"Autism & Memoirs of an Old Maid"…C'hele's Story

August 28, 2007

Autism: Helping Children With Perspective Taking/Social Cognitive Deficits ~ The Workshop I Attended Presented by Michelle Garcia Winner, MA, CCC-SLP

Filed under: Autism, Special Needs — C'hele @ 20:26
If anyone ever has the chance to attend a workshop by Michelle Garcia Winner, I cannot recommend it highly enough. In the world of higher functioning autism and Asperger Syndrome, she is on the verge of revolutionizing older approaches, strategies and treatments to assist these individuals. To all parents, professionals, aides and parapro’s out there, please take the opportunity to go and listen to her if she comes out near your area. I walked out of that conference so incredibly excited with the information and knowledge that she “gifted” me with and I cannot wait to utilize it towards my daughter and the students I work for. There is so much knowledge that she imparted that I literally do not know where to start here. Nor would I want to attempt to do so, for fear of completely messing up her philosophy and work. So, I recommend to all of you to check out and read her work. Her website is: http://www.socialthinking.com. Michelle was witty, funny and incredibly brilliant. It was worth the $275.00 to attend and listen to her. Her work on the ILAUGH model of Social Cognition, Perspective Taking, Theory of Mind and Language/Communication is going to help change the world of these kids. I have to add that Michelle’s work is not limited to high functioning autistic and Asperger’s individuals.

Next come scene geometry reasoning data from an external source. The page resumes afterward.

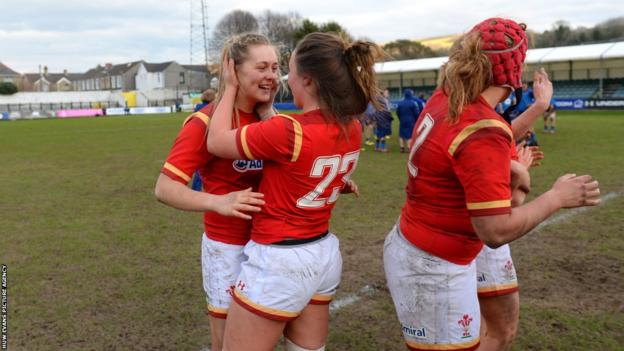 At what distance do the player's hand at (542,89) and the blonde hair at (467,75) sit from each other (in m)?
0.93

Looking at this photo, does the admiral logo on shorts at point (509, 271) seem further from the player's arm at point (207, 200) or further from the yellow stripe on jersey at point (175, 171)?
the yellow stripe on jersey at point (175, 171)

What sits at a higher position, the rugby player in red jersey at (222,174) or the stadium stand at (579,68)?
the stadium stand at (579,68)

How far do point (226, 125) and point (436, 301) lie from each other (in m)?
1.26

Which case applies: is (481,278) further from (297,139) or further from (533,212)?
(297,139)

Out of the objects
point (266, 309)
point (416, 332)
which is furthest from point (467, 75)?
point (266, 309)

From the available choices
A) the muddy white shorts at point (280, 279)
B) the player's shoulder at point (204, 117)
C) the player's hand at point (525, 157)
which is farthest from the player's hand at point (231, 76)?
the player's hand at point (525, 157)

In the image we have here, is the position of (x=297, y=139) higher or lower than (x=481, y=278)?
higher

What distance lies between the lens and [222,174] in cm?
270

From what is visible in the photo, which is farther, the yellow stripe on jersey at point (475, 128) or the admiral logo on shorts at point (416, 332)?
the admiral logo on shorts at point (416, 332)

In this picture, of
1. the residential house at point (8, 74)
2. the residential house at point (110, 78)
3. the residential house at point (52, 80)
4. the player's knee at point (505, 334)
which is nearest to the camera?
the player's knee at point (505, 334)

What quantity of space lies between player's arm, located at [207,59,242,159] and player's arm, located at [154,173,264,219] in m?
0.19

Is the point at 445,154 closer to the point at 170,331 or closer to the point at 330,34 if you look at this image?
the point at 330,34

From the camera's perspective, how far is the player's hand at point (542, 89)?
3.06 m

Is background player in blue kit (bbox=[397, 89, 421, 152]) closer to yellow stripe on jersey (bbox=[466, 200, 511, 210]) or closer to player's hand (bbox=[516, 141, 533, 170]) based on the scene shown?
player's hand (bbox=[516, 141, 533, 170]) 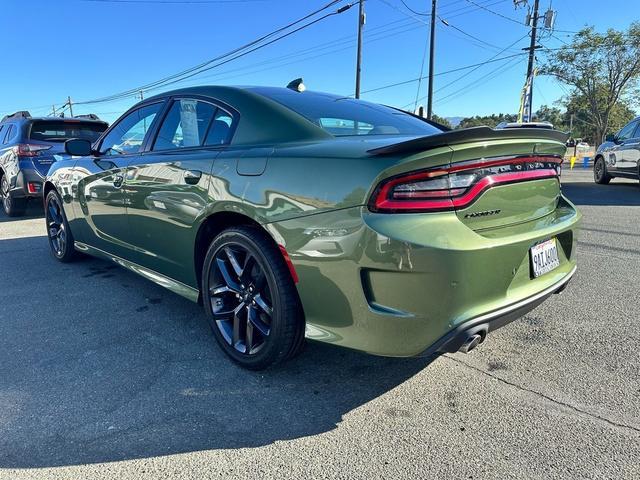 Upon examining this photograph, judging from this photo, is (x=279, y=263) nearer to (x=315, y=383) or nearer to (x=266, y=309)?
(x=266, y=309)

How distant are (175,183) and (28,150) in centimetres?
604

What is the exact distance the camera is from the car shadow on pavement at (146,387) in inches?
78.5

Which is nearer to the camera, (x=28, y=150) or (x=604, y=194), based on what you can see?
(x=28, y=150)

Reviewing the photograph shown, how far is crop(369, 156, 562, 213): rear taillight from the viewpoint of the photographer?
6.05 feet

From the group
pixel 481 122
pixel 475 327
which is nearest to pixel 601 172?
pixel 475 327

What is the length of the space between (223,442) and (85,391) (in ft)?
2.95

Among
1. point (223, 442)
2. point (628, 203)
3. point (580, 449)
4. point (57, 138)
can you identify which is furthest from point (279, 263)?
point (628, 203)

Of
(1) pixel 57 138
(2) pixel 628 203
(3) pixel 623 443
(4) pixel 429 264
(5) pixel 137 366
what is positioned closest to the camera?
(4) pixel 429 264

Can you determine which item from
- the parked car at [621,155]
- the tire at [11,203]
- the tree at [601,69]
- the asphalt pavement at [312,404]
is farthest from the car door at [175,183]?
the tree at [601,69]

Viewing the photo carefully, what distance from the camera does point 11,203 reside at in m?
7.79

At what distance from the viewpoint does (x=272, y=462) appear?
1.85 metres

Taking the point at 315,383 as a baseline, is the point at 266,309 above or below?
above

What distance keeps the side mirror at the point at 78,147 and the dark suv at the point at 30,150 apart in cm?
367

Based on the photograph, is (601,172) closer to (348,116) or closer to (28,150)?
(348,116) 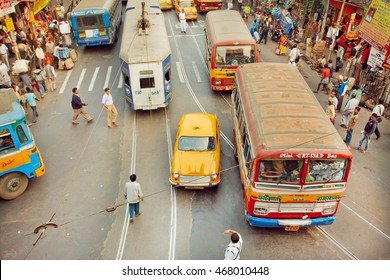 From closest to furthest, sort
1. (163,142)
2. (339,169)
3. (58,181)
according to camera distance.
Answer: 1. (339,169)
2. (58,181)
3. (163,142)

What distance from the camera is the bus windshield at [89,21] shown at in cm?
2147

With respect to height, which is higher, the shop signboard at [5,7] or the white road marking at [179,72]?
the shop signboard at [5,7]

It also includes people who have been labelled as: ADD/ADHD, Tourette’s Syndrome, NVLD, PDD/NOS, and kids/people labelled as Emotionally Disturbed.

Reflecting upon everything I learned, Michelle’s work is all about blending inquisitiveness and humour to discover and learn about the minds and needs of our autistic children and students. To not rely completely on labels alone when we teach them and to take the time to get to know our kids and figure them out. Treat the symptoms, not the label. Most importantly, to teach our kids to “think with their eyes” because eyes have thoughts behind them. There is an intent behind eye contact and as most of us know, autistic children do not make eye contact with others. If they can look at you or an object with their eyes, they are listening and communicating. Michelle believes that language and perspective taking must come together in order to be a good communicator. The biggest thing that impacted me was Michelle’s comment of “are we looking at things too behaviourally?”

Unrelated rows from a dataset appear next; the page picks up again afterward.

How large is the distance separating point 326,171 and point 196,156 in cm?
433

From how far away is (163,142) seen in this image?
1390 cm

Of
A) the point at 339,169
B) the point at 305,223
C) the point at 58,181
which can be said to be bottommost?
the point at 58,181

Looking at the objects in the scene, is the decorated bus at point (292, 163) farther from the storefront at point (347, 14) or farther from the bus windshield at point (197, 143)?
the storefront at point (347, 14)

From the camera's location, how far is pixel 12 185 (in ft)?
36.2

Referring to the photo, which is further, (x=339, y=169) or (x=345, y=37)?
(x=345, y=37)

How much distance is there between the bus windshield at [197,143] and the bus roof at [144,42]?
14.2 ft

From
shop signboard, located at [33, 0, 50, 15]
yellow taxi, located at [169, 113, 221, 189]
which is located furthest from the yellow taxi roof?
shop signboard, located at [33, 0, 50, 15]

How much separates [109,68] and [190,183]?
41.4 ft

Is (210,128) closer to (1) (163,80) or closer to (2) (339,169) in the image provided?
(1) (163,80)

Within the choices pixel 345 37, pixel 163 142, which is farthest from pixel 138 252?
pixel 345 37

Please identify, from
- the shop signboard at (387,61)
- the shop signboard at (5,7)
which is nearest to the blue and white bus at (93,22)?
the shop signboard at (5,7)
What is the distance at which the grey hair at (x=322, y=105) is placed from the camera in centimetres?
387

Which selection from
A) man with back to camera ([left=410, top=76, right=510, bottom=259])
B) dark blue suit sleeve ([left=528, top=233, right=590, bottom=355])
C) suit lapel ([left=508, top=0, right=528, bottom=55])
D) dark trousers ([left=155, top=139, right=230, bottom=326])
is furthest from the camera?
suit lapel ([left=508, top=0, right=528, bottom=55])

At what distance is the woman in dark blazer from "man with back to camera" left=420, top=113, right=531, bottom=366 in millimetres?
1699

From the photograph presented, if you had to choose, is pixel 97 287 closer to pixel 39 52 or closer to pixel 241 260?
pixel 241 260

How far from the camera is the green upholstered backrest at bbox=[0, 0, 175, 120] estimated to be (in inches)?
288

Working at the autism centre I cannot help but confess, that yes we do. Our centre does look at things this way. In all fairness, our kids range from high functioning to lower functioning kids who have the tendencies to become violent. Michelle’s work is more effective with higher functioning and often incredibly intelligent/gifted, verbal autistic kids. Some of our kids are somewhere in middle. Bright, willing to learn and hard workers who need constant redirection from their own rich, inner worlds. Many of them are non-verbal. In my opinion, our centre needs a variety of teaching methods. Michelle’s would definitely become an asset for some of our higher functioning kids. The autism centre must have been feeling the same way. At the end of the school year the staff held a couple of meetings to review our kids with the programs Behavioural Consultant. Many times the consultant brought up Michelle Garcia Winners name. Now I see why. I hope that the centre is successful in adapting as much as they can, Michelle’s work.

Some recommended books written from Michelle Garcia Winner:

1. Think Social, A Social Thinking Curriculum for School-Age Student

2. Thinking About YOU, Thinking about ME: Philosophy and Strategies to Further Develop Perspective Taking and Communicative Abilities for Persons with Social Cognitive Deficits.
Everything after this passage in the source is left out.